Ihr kennt sie alle: die grellen Rabattschilder im Supermarkt. Oder auch Online. Die Sale „Sale-“ und „Tiefpreis-Aufrufe“. Die Vergleichsportale, mit denen wir heutzutage in Sekundenschnelle das günstigste Angebot finden. Das preiswerteste Produkt unter vielen. Wir sind auf der Suche nach dem günstigsten Preis. Immer und überall.
Wirklich immer? Nicht ganz.
In manchen Situationen und bei manchen Produkten dreht sich der Spieß um. Dann zahlen wir hohe Preise, ohne mit der Wimper zu zucken. Und das, obwohl wir ein Produkt mit denselben Eigenschaften für weniger Geld erwerben könnten. Dann greifen wir sogar zu Produkten, deren Preis gerade erhöht wurde. Doch wie kommt es dazu?
Preiserhöhungen:
Preiserhöhungen implizieren Gewisse Dinge: Wir vermuten hinter ihnen in der Regel einen Grund.
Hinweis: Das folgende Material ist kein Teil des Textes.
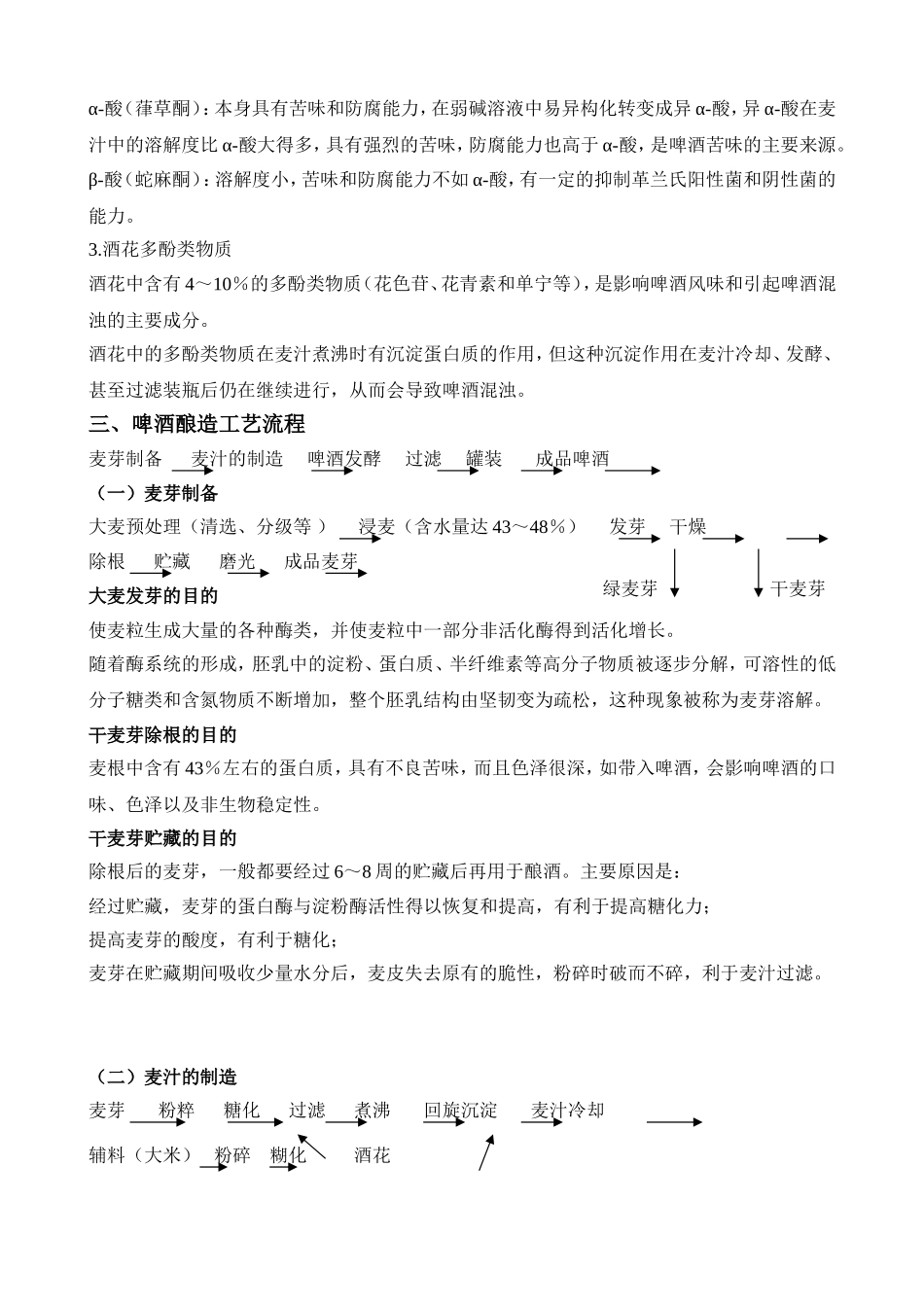 啤酒生产的基本原理和流程_第3页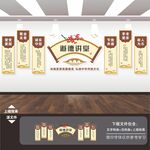 道德讲堂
Und zwar nehmen wir nicht etwa an, dass ein Unternehmen die Preise seiner Produkte anhebt, weil es sich in finanzieller Not befindet oder dem Konsumenten einfach mehr Geld aus der Tasche ziehen möchte. Vielmehr vermuten wir, dass das betroffene Produkt fast ausverkauft ist und der Hersteller es sich deshalb erlauben kann, den Preis noch einmal zu erhöhen. Oder wir glauben, dass es sich bei einem Produkt um ein außerordentlich gutes handeln muss, schließlich haben schon viele andere Käufer vor uns darauf vertraut (Vgl. Kotler, P./Bliemel, F.: 2001, S. 871).
Hohe Preise:
Nicht nur bei Preiserhöhungen zahlen wir in gewissen Fällen gern hohe Preise. Auch in von Grund auf teure Produkte investieren wir unter bestimmten Bedingungen unser Geld, obwohl wir auch günstigere Produktalternativen mit gleichen Produktmerkmalen erwerben könnten.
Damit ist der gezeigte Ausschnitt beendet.